Available data:

● ● ● ● ●

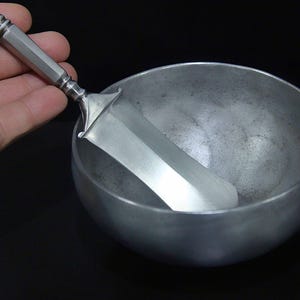 May include: A silver-toned ice cream scoop rests inside a matching bowl. The scoop has a rectangular blade and a faceted handle. The bowl is round with a matte finish. The background is black.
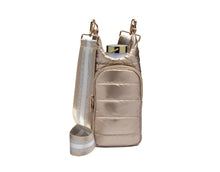 Load image into Gallery viewer, Introducing the HydroBag: a chic metallic gold crossbody featuring a quilted front pocket adorned with elegant gold hardware. It comes with an adjustable striped strap in beige and silver. A convenient top opening reveals a reusable water bottle, ideal for staying hydrated while on the move.
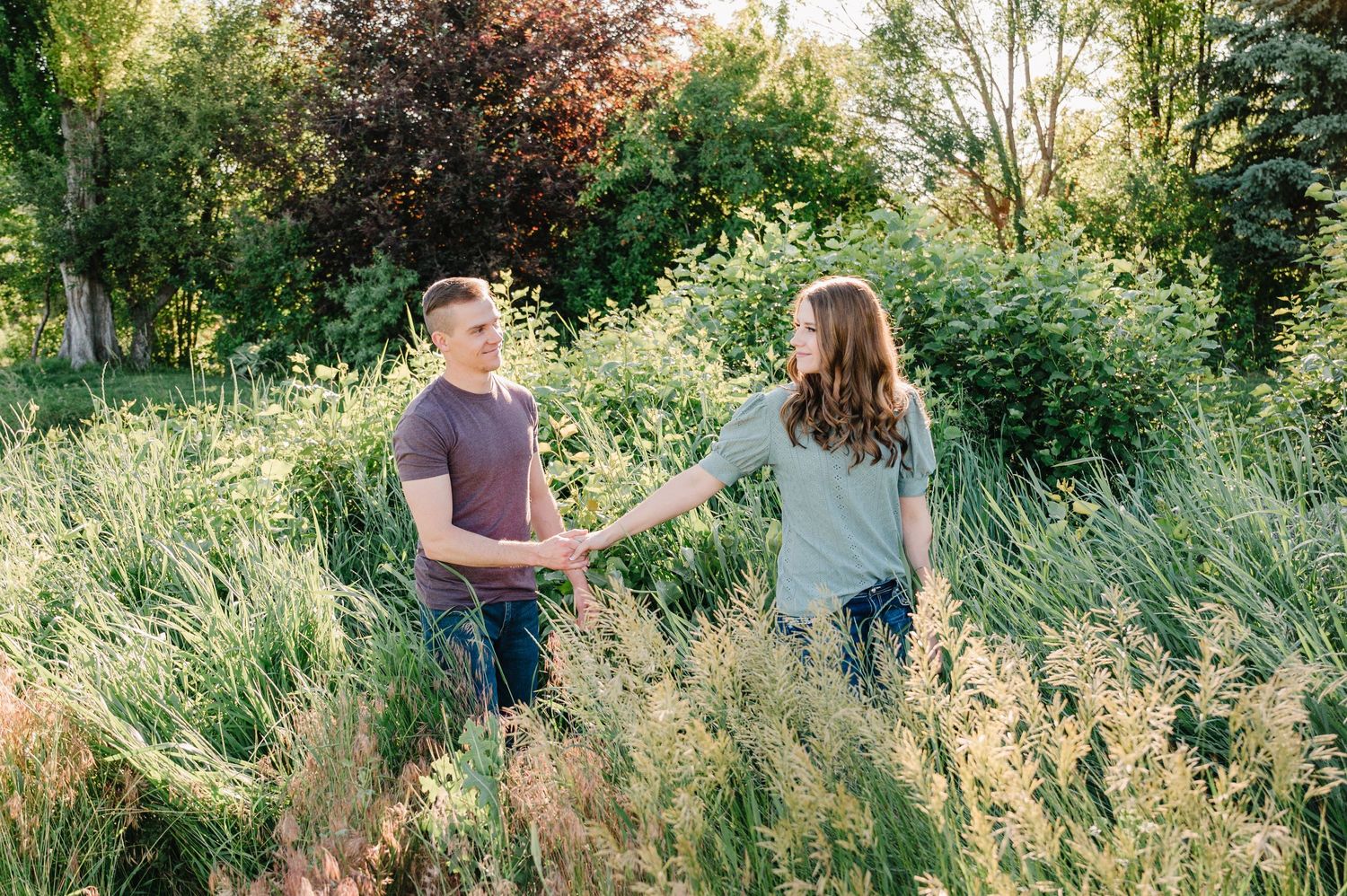 Couple holding hands while standing in wild grass field with trees behind them.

● ● ● ● ●

Try it: A verbatim transcript of the material above, with images dropped, is the expected output.

Output of the exercise:
 May include: A silver-toned ice cream scoop rests inside a matching bowl. The scoop has a rectangular blade and a faceted handle. The bowl is round with a matte finish. The background is black.
 Load image into Gallery viewer, Introducing the HydroBag: a chic metallic gold crossbody featuring a quilted front pocket adorned with elegant gold hardware. It comes with an adjustable striped strap in beige and silver. A convenient top opening reveals a reusable water bottle, ideal for staying hydrated while on the move.
 Couple holding hands while standing in wild grass field with trees behind them.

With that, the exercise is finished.